Alltägliche Verrichtungen helfen bei der Trauerbewältigung. Der Verlust ist allgegenwärtig. Doch so unvorstellbar es auch erscheint – das eigene Leben bleibt nicht stehen, es geht weiter, irgendwie. Nun gilt es langsam dieses „Irgendwie“ wieder zu gestalten, sich neue Ziele zu setzen: „Was möchte ich noch leben und erleben?“ Der Verlust eines wichtigen Menschen kann uns auch aufrütteln und unterstützten, Dinge umzusetzen, die wir schon lange tun wollten. „Jetzt ist noch Zeit zum Leben, worauf warte ich?“
Schwierig wird es, wenn wir uns weigern einen Neuanfang zu wagen.
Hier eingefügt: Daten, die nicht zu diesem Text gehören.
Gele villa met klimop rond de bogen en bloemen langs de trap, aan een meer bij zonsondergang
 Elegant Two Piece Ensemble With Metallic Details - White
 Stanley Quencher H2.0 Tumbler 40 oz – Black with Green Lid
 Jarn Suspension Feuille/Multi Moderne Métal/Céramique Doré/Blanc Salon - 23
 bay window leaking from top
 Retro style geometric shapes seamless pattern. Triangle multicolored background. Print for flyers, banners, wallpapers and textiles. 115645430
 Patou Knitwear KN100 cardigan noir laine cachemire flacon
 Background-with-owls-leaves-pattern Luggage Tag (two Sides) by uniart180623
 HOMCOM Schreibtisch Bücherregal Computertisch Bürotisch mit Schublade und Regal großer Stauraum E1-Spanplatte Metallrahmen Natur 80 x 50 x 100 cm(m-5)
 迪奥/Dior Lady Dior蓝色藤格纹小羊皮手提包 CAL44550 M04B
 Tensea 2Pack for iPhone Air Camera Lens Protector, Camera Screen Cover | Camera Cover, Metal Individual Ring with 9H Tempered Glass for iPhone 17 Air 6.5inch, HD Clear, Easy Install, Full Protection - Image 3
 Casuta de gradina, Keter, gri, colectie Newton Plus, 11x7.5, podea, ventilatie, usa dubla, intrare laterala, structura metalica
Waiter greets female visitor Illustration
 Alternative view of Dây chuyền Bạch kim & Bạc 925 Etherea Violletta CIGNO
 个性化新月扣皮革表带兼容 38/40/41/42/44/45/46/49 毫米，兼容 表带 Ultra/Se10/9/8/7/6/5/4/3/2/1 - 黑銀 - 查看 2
Wenn wir so sehr am Verstorbenen festhalten, dass wir keine Nähe mehr zu anderen Personen zulassen oder das Zimmer des Verstorbenen konservieren. Dann kommt es zu keiner Weiterentwicklung und wir bleiben in einer ungesunden Trauer hängen.
7. Die Integration des Verlustes
Durchlaufen wir den Trauerprozess, bleibt der Verstorbene als wichtiger Teil der eigenen Geschichte erhalten. Es gibt viele Erinnerungen und gemeinsame Erfahrungen, die in uns weiterleben. Dinge, die uns der Verstorbene gelehrt und mitgegeben hat. Auch wenn eine gewisse Wehmut bleibt, ist der Verlust Teil unseres Lebens geworden.